2-6

 いったい自分って何なんだろう。薫はぼんやりと考えている。そろそろ夜が明けようとしていた。

「寒いなあ」ぽつりとつぶやく。

 薫が感じていた不安が現実になろうとしている。何ともやりきれない疎外感。あんなに飲んだはずのお酒もすっかり醒めてしまった。

 人の話を聞いてあげることが自分の仕事だけれど、誰にも自分の話は聞いてもらえない。いつから自分はこんな風になってしまったんだろう。

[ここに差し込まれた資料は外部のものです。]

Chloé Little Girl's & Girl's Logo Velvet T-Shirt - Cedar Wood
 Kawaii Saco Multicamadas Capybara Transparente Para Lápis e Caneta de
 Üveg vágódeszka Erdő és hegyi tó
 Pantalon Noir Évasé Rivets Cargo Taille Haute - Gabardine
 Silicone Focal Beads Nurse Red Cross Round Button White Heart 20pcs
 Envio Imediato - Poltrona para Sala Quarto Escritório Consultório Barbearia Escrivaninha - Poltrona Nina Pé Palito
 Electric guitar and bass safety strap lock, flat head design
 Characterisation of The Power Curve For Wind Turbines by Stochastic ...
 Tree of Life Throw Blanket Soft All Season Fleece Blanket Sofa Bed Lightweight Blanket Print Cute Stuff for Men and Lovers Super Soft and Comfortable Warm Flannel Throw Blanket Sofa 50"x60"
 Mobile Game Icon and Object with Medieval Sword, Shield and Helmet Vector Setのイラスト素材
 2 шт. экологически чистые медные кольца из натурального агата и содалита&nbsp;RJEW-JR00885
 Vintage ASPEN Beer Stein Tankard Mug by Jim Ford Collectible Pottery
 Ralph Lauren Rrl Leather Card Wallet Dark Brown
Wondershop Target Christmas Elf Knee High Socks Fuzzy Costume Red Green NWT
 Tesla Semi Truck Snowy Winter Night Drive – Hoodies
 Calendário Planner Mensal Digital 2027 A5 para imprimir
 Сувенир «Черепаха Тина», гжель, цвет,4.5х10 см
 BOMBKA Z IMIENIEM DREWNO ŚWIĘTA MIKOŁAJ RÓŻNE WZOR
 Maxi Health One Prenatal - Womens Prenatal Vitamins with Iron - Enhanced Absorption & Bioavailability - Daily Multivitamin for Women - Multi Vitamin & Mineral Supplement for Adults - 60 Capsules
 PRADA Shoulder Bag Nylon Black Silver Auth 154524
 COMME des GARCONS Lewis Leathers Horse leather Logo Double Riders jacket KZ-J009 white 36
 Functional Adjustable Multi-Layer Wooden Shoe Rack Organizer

 ちょっとした小遣い稼ぎのつもりではじめたこの仕事も、すっかり自分に染み込んでしまっている。ちょっとした事情があったにせよ、今では高級クラブのホステス。

「あたしも逃げ出したい」

 自分と世界を遮断する。寛太郎の言っていたことの意味がようやく分かったような気がした。でも本当にそれでいいのだろうか。薫は自分に問いかけている。

 自分はそれを望んでいない。だから疎外感を感じているのに。

「ねえ、会わせたい人がいるの」由貴が薫に耳打ちした。

 お店が終わって薫は由貴と一緒にタクシーに乗った。

「どこに行くんですか」

「あたしの部屋」

 そう言って由貴は意味ありげに微笑んだ。

 あの時見た由貴と隆の明るい笑顔が忘れられない。

「夢見さんはぼくの中でちゃんと生きている」

「薫ちゃんありがとう。由貴さんに会えて本当に良かった」

 別にあたしが会わせたんじゃない。薫は心の中でつぶやいた。

「ヒロさん帰ってるの」

 隆は寛太郎の部屋に訪ねていった時の話を楽しそうに話している。